58 thoughts on “Days Off in Florence”

  1. Sounds like you’ve made friends in Florence. The enjoyment of outdoors reminds me of living in Boulder with its pedestrian oriented downtown and many outdoor parks, trails and opportunities to connect while being outdoors and/ or active. I hope to have some international travels one day.
    Thanks for a fun travel story Cynthia.

    1. Thanks, Brad, and I hope you will one day too.

      Boulder has so many great things about it, including a fabulous university.
      Two other cities with a pedestrian-friendly vibe: Dublin, whose Grafton Street is very interesting, and Stuttgart.
      There are many others, but I really like these two.

      1. LOL red wine gave me almost instant headaches, white wine didn’t cut it and I only ever nursed one beer to be sociable – nowadays I don’t drink alcohol at all (can’t stand the taste after living and working in Saudi Arabia for 8 years) 😀 😀 😀

    1. I hear you, Chris. Red wine has a similar impact on me. In fact, most wine does. Imagine being in a great wine-making country and not being able to drink much of the stuff…. Go figure.

  2. I have been to Firenze twice – the first time was on my honeymoon with my first husband and the second time was last summer. Such a wonderful city but the crowds in the summer are terrible I agree. I went at the end of September in 1982 and the crowds weren’t too awful but the mosquitoes were! This really brought back good memories – thank-you Cynthia!

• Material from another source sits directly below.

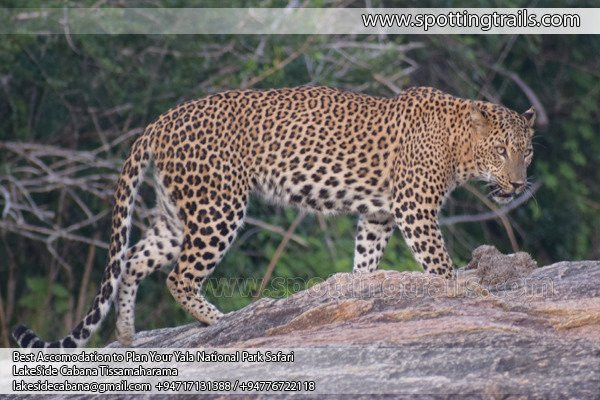 Spotting Trails-雅拉国家公园必去景点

  3. How wonderful to have lived in a foreign city where you felt so at home! And to have your family with you, too. Many years ago I visited my cousin in Portugal – stayed for a week in his little fishing village – and was treated with such kindness and welcoming generosity that I felt like you did. But to actually have lived there for awhile and have gotten to know people and your environment so well … an abundance of riches, I’d say. 🙂 Jeanne

    1. Thanks. Not sure I can call it “living there” as I didn’t stay for very long stretches. But for years I called Florence my second home because I had bonded with this city and was often there.

  4. Oh, I hope she’s still there, in the bosom of her family. 🙂 🙂 Thank you for transporting me back, Cynthia. Was it only this February that I was there? The photos and memories tell me so but it feels long ago.
    Thanks for your kindness too. The sheer brutality of this attack, and the cowardice of the previous one in Manchester! What did we ever do to generate such hate? James was at a birthday celebration with friends in south London. I did not know till the following morning that he had been so close.

    1. Thank you, Jo. I knew you’d like this post. You must have so many lovely memories of special places you’ve visited.
      Regarding the attacks: I am glad you didn’t know till the next morning that James had been so close. I feel for those people who knew their loved ones were right there in that spot, and those who are now bereaved or otherwise suffering.

      1. Fiances, tourists, people just having a little happiness in their lives… all gone now. How do you ever erase those memories?

  5. I love this post, Cynthia! Re-reading it after three years has been such a pleasure. We are hoping to go to Italy again next year – I can’t wait!

    1. And thank you for reading my post, Amy. I hope you’re doing well. It seems to be raining everywhere this spring. Not far from where I live, a friend’s house on the lakefront was flooded. Her newly finished basement level, damaged badly. I love rain, but gee whiz, I don’t like flooding.

      1. I like the Star Trek concept of a global weather system-enough rain, but not too much. Finally, the rain let up here, the mosquitoes came out in hungry hordes and I am watching a swarm of Dragonflies devour them.

      2. That’s what we’re missing: Dragonflies. I haven’t seen any so far, and the mosquitoes are out in force. I must re-run my blog post asking God why s/he made mosquitoes.

    1. It’s really a great privilege that I had, and even to have these memories is a good thing. Rome is grand — a bit too grand for me. Florence is still small enough that I can relate to it…. especially in the off-season. I still would get lost on a side street if I went there today, however. (I can get lost in a room.)

  6. Lucky, lucky you! I’ve been once but my visit wasn’t long enough to call it a second home. I’d love to have a return visit!